On Thu, 24 Nov 2016 at 11:34 Oliver Searle-Barnes <[email protected]> wrote:

> I'm definitely still in the process of moving my thinking into a
> functional approach (currently working through Programming Haskell and Bartosz
> Milewski <https://www.youtube.com/user/DrBartosz>'s Category Theory
> series on youtube, both recommended by other Elmers so thanks!). The lack
> of abstraction in Elm does seem like a major stumbling point at the moment,
> the problems I mentioned above are abundantly obvious for anyone that
> starts to use it (I say this with big love for Elm). I want more people to
> be able to enjoy Elm but these issues make it very difficult for beginners
> or even mid-level developers to get going quickly.
>
>
> On Thursday, 24 November 2016 11:00:36 UTC+1, Peter Damoc wrote:
>
> On Thu, Nov 24, 2016 at 11:17 AM, Oliver Searle-Barnes <[email protected]>
> wrote:
>
> The fact remains though that I don't feel I can offer a sound
> justification as to why it's far more complicated to do these things in
> Elm. Elm strives to be easy for users to understand, in this area it is
> decidedly more complicated than the existing alternatives.
>
>
> The class of problems you described is precisely the class of problems
> that Object Oriented Programming solves easily.

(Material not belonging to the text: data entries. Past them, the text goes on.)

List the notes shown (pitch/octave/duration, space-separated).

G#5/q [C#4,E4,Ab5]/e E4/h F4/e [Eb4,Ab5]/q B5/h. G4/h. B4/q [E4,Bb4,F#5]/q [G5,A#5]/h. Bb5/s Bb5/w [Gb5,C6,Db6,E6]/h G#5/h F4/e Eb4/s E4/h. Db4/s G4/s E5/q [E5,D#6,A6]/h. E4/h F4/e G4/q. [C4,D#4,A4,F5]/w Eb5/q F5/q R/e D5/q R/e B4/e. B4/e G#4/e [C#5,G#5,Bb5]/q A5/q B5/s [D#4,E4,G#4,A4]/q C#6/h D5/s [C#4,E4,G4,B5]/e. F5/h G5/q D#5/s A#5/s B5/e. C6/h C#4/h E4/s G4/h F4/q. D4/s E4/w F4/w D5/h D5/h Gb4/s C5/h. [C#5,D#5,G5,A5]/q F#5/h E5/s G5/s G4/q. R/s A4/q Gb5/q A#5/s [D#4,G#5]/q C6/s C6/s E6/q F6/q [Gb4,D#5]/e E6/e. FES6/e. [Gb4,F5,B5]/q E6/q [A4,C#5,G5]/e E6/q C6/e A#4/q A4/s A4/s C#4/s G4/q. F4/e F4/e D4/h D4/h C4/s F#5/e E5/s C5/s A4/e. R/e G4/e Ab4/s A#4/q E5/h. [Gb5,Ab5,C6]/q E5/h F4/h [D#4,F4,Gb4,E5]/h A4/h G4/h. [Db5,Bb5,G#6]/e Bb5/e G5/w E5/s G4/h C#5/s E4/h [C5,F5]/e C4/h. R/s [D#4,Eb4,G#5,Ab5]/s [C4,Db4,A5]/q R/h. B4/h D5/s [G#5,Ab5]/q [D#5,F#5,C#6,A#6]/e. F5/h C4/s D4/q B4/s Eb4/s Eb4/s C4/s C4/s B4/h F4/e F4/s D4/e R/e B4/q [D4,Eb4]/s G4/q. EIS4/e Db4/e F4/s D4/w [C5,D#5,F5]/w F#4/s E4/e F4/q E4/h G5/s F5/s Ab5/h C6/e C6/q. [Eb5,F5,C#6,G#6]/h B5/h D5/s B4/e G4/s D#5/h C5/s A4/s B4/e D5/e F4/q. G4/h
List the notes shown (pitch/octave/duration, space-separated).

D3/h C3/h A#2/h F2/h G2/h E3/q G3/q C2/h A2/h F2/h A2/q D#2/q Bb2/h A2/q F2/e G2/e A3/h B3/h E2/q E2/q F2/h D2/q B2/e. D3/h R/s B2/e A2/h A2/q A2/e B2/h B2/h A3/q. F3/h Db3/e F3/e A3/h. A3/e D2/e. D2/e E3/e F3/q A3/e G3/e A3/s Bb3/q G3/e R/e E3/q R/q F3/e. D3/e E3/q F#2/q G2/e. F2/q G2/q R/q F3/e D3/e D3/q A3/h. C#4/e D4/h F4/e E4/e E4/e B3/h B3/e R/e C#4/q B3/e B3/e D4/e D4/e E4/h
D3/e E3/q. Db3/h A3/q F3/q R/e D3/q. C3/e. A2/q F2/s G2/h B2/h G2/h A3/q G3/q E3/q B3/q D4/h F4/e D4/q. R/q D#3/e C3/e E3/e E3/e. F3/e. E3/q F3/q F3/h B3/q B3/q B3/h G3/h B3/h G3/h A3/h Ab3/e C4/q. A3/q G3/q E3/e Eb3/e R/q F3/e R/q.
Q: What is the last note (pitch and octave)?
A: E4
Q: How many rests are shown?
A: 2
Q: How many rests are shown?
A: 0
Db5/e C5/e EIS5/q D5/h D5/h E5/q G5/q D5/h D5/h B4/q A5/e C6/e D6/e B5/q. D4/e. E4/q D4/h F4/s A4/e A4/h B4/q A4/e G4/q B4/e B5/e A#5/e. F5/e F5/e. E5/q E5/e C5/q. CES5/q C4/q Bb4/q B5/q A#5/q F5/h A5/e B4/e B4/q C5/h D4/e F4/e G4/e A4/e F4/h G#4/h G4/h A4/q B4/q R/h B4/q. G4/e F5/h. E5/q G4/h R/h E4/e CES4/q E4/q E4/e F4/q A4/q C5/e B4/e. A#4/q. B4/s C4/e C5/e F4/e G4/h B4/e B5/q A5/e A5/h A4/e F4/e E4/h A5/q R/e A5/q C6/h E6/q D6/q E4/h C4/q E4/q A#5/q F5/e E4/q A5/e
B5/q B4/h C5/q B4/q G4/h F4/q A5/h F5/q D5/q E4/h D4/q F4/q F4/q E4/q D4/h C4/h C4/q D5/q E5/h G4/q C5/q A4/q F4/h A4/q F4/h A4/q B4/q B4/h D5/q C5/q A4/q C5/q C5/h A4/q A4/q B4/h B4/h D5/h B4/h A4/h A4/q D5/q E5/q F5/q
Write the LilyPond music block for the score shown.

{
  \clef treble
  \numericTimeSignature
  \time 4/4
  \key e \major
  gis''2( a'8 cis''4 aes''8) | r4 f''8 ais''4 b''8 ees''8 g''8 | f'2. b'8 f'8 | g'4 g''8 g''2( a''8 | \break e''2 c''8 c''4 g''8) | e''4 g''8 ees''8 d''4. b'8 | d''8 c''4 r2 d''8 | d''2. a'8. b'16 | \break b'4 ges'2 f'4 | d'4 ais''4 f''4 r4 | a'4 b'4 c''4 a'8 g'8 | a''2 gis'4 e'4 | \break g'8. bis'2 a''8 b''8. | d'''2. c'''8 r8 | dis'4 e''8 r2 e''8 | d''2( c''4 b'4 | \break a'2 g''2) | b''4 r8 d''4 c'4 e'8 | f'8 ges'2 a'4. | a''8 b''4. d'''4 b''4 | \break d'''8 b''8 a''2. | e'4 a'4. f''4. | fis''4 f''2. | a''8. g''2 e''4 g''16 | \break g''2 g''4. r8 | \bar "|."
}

> It is the class of problems where, as a library developer, you provide and
> API and you allow the client to do multiple implementation of an interface,
> (e.g. the interface of a web-component or the interface of a debounceable
> app).
>
> Implementing something that solves this issue is non-trivial because it
> can be a source of chaos (complexity).
> Approaching the Expression Problem
> <https://en.wikipedia.org/wiki/Expression_problem> Elm chose defer
> solving it for later implementing only a few practical facilities like
> toString (allows extension of cases without recompilation)
>
>
>
> --
> There is NO FATE, we are the creators.